When the Tony-winning revival of “Angels in America” ends its Broadway run, it will be Andrew Garfield, as Prior Walter, who will say the last lines: “You are fabulous. Each and every one of you. And I bless you. More life. The Great Work begins.”
For the 35-year-old actor, the final speech, addressed to the audience, will be a fitting valedictory for what he has called “the most formative experience” of his life and career. That journey began at London’s National Theatre last year, where Garfield was nominated for an Olivier Award, and culminated in the Broadway transfer, for which the actor won the Tony Award as best actor.
Marianne Elliott’s production of Tony Kushner’s two-part epic won unanimous critical acclaim from both London and New York critics with Garfield coming in for a large share of the praise, along with fellow Tony winner, Nathan Lane, as Roy Cohn. Ben Brantley of the New York Times wrote, “With his razor-edge cheekbones and eyes of fire… Mr. Garfield has the florid mannerisms of a vintage drag queen down pat. But he wields them as part of an intricate defense system born of both fear and defiance. This Prior is palpably as scared as hell, and as mad as hell, too.”
In the press room after receiving the Tony Award, Garfield was neither scared nor mad, just grateful. Wistful, too, about leaving a production that had meant a great deal to him. Nonetheless, he is ready for the next phase of his career which will include a starring role as a curiosity-bitten slacker in the movie, “Under the Silver Lake,” a sexually-charged and noir vision of Los Angeles from director David Robert Mitchell (“It Follows”). The movie will be released later in the year.
While the protean actor broke through in 2010 in the movie, “The Social Connection,” and followed that up in the title role of “Spider-Man,” he promised himself regular forays into theater. He made good on that promise with his Tony-nominated Broadway debut in 2012 as Biff in the Mike Nichols revival of Arthur Miller’s “Death of a Salesman,” starring Philip Seymour Hoffman. Blouin ArtInfo caught up with him again in the flush of his “Angels in America” triumph.
Pacheco: What was your familiarity with “Angels in America” prior to this, so to speak?

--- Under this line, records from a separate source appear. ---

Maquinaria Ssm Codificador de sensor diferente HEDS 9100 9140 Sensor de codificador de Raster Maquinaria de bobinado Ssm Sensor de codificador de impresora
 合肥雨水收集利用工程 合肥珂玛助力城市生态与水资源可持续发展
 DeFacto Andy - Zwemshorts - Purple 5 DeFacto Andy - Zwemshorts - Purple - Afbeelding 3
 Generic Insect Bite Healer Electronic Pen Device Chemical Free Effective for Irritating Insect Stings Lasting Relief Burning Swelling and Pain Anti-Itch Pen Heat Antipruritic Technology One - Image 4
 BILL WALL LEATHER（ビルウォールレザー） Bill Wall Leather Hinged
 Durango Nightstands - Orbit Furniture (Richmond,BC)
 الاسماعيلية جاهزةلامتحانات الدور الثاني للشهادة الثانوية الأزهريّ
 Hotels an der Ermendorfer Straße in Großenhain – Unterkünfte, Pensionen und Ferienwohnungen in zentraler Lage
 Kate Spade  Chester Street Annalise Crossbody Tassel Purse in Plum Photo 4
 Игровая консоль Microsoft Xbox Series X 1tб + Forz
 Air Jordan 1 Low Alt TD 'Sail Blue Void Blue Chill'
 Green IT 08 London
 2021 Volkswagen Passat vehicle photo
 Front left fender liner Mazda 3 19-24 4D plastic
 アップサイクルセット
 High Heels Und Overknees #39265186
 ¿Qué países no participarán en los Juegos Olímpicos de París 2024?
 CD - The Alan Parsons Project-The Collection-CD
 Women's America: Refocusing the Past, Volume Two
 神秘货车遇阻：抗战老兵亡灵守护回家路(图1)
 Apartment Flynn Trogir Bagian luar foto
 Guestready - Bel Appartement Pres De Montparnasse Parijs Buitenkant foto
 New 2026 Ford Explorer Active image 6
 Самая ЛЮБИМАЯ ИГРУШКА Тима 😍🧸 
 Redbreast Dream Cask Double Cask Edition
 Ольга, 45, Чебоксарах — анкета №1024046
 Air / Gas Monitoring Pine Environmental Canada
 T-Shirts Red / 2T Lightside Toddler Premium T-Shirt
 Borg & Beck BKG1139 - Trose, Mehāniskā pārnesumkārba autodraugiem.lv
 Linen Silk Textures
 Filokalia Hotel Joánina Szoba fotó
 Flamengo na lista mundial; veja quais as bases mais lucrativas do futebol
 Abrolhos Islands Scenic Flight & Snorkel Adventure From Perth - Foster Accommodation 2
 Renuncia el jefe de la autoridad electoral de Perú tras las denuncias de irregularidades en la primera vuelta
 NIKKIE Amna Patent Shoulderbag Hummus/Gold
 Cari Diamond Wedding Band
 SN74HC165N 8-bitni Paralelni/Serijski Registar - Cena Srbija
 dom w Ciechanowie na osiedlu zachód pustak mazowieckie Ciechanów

I had worn out a DVD of the Mike Nichols [HBO] film, along with some college friends. It was such a master class in writing, directing, acting, everything. So when I was asked to do this, I said yes because I remembered all the feelings I’d experienced with the film. Then I read it and thought, “This is so important and more timely than ever. But how is anybody supposed to this?
It was that intimidating?
Yeah, yeah, of course, but that’s not saying much. I have trepidation of doing anything, acting wise. I have a healthy dose of anxiety. But in the same breath, when the writing is as brilliant as this, the work is sort of done for you. You just have to not get in the way. And it’s a rare thing to be part of a story which is undeniably important, and of this depth and necessity. So it was impossible to say “no” to it and I’d have been crazy to do so. So you throw yourself into it and hope the hard work pays off.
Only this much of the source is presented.